Research topics

Robot learning

Robot learning is a multidisciplinary field that intersects robotics, machine learning, and artificial intelligence, and is key to the learning of complex behaviors on high degree of freedom systems like humanoid robots. Based on our extensive work on imitation learning, statistical generalization of sensorimotor experience and trajectory libraries, and reinforcement learning, we continue our work in this domain. Our efforts combine all major fields of robotic learning, such as imitation learning, reinforcement learning, supervised, unsupervised and self-supervised learning, deep learning, transfer learning including sim2real, etc.

Robot perception and actions

In the area of robot perception we study approaches that combine active vision and manipulation with the processing of visual information and other sensing modalities including force. By active sensing we can bring in additional information that can be exploited to autonomously learn new sensory representations and object affordances, which would be very difficult or even impossible with static perceptual systems. Lately, we combine this with large language models and vision language (foundation) models for robotics, as the latest AI approaches in the field. We are also interested in the development of human-like visual systems to improve the sensing capabilities of our robots.

Advanced applications

We apply our knowledge to implement advanced solutions beyond the current state of robot applications both in terms of the complexity of actions and approaches to solving difficult problems with robots in everyday and industrial settings. An important line of our work is reconfigrable robotics – we introduce self-reconfigurable hardware and software solutions based on recofigurable robotics cells. The challenge of this is to provide methodologies for re-design of the robot cell including the location of robots and other elements in the workcell and the choice of grippers and sensing systems.

On the software side, approaches for fast re-programming and adaptation of manipulation actions for soft robots and grippers suitable for the given tasks need to be provided.
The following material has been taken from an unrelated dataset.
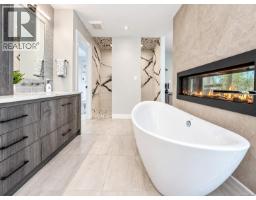 973 Wagonwood Pl, Saanich, BC V8X4M1 Photo 24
Soft components make grasping and compliant control easier, but they can be problematic in tasks that usually rely on high precision position control.

Handling of soft, deformable materials, goes beyond typical complexity in robotic applications and advances in robotic manipulation of deformable objects have lagged behind work on rigid objects due to the far more complex dynamics and configuration space. We advance the state of the art of perception/inspection and robotic manipulation of textile and fabric, in order to bridge the technological gap and enable automation of such material handling.

Other topics

Besides in these key areas, the members of HCR conduct research in a number of related fields including kinematics, motor control, execution of collaborative behaviors (both human-robot and robot-robot), where there exists physical contact between agents, modeling of biological systems, visual tracking, object recognition and other areas of robotics, cognitive robotics and AI.